Measuring Reliability of Large Language Models through Semantic Consistency
Harsh Raj, Domenic Rosati, Subhabrata Majumdar
TL;DR
The paper tackles the reliability of large language models by measuring semantic consistency across paraphrased prompts. It introduces a general framework, Cons_sem, that replaces exact lexical matching with semantic agreement functions to evaluate open-ended text generation. By testing multiple agreement functions (paraphrase detection, entailment, BERTScore) across model scales and decoding methods on TruthfulQA paraphrases, it shows that semantic consistency better tracks human judgments than lexical similarity, while decoding strategy largely drives inconsistencies.
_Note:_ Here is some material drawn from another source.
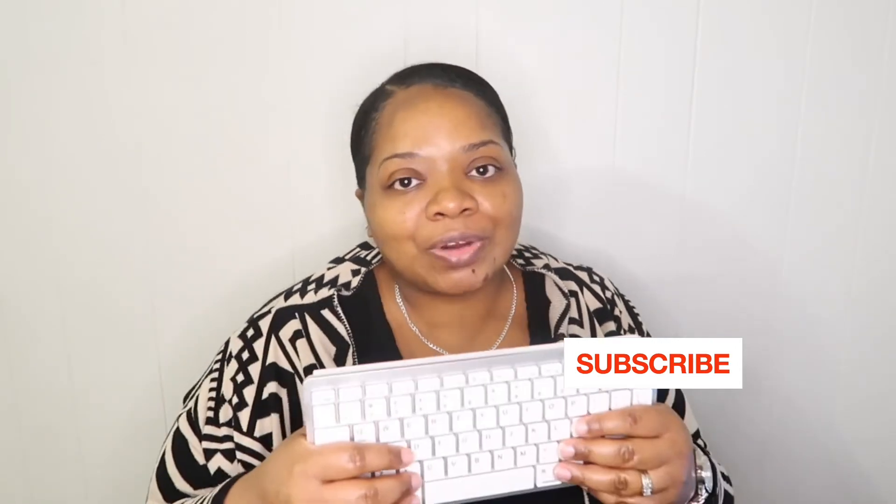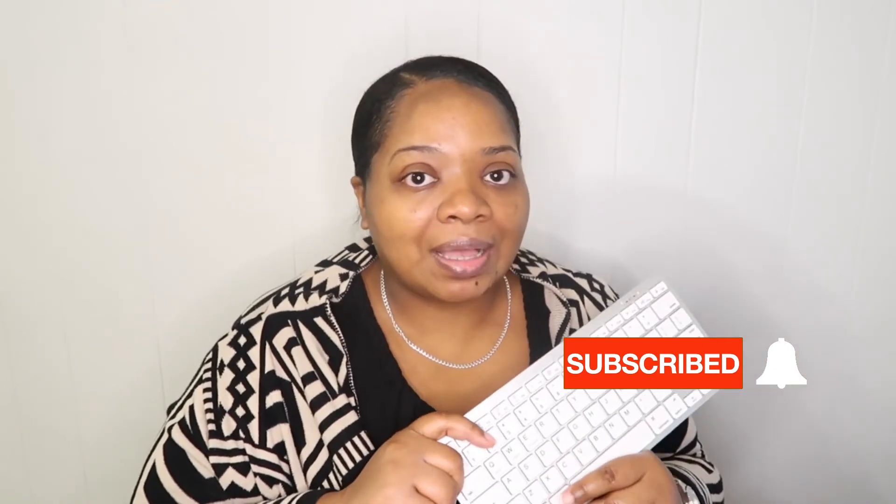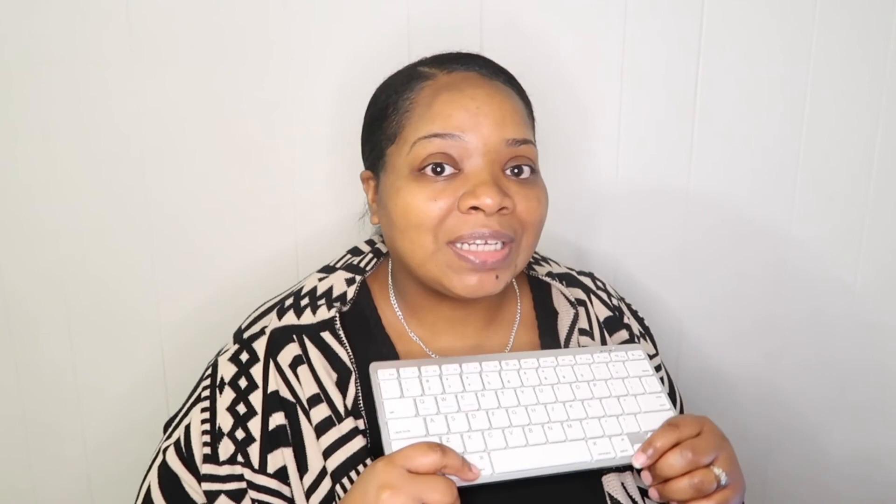That is the end of this video, guys. Please subscribe — if you like this video click it, if you love it share it. Thank you to all my new subscribers. If you want to join Learn with Key, click that subscribe button and come learn with me. I'll do another video with the wireless mouse because I really want to try that. If this worked, then I know the wireless mouse is going to work too. Thank you for watching — see you guys!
These findings highlight the orthogonality of consistency and accuracy and offer a reproducible approach for evaluating and improving trustworthy NLG systems.
Abstract
While large pretrained language models (PLMs) demonstrate incredible fluency and performance on many natural language tasks, recent work has shown that well-performing PLMs are very sensitive to what prompts are feed into them. Even when prompts are semantically identical, language models may give very different answers. When considering safe and trustworthy deployments of PLMs we would like their outputs to be consistent under prompts that mean the same thing or convey the same intent. While some work has looked into how state-of-the-art PLMs address this need, they have been limited to only evaluating lexical equality of single- or multi-word answers and do not address consistency of generative text sequences. In order to understand consistency of PLMs under text generation settings, we develop a measure of semantic consistency that allows the comparison of open-ended text outputs. We implement several versions of this consistency metric to evaluate the performance of a number of PLMs on paraphrased versions of questions in the TruthfulQA dataset, we find that our proposed metrics are considerably more consistent than traditional metrics embodying lexical consistency, and also correlate with human evaluation of output consistency to a higher degree.